SageMaker Model Monitor allows developers to detect and remediate concept drift. One of the big factors that can affect the accuracy of models deployed in production is if the data being used to generate predictions start to differ from those used to train the model. If this happens, it can lead to something called concept drift, whereby the patterns the model uses to make predictions no longer apply. SageMaker Model Monitor automatically detects concept drift in deployed models and creates a set of baseline statistics about a model during training and compares the data used to make predictions against the training baseline.
 
“As tens of thousands of customers have used Amazon SageMaker to remove barriers to building, training and deploying custom machine-learning models, they’ve also encountered new challenges from operating at scale, and they’ve continued to provide feedback to AWS on their next set of challenges,” said Swami Sivasubramanian, vice president at AWS. “We are announcing a set of tools that make it much easier for developers to build, train, explain, inspect, monitor, debug and run custom machine-learning models.
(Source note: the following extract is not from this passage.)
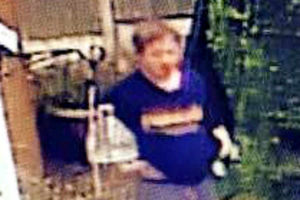 Supporting image for story: Facebook users help catch Telford thief after CCTV posted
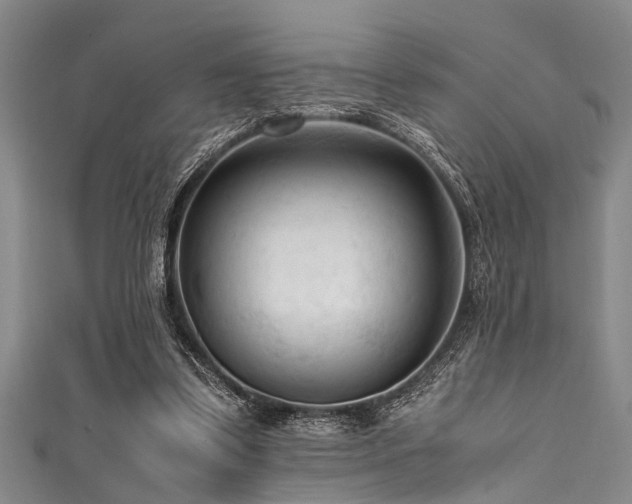 X0000111600299200907161558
Many of these concepts have been known and used by software developers to build, test and maintain software for many years; however, they were not available for developers to build machine-learning models. With these launches, we are bringing these concepts to machine-learning developers for the very first time.”
 
• AWS and Verizon Communications have announced a partnership that will bring the power of the cloud closer to mobile and connected devices at the edge of Verizon’s 5G ultra wideband network. Verizon will use AWS Wavelength to provide developers the ability to deploy applications that require ultra-low latency to mobile devices using 5G. The companies are piloting Wavelength on Verizon’s edge compute platform, 5G Edge, in Chicago for a select group of customers, including video game publisher Bethesda Softworks and the National Football League. Additional deployments are planned in other locations across the USA next year.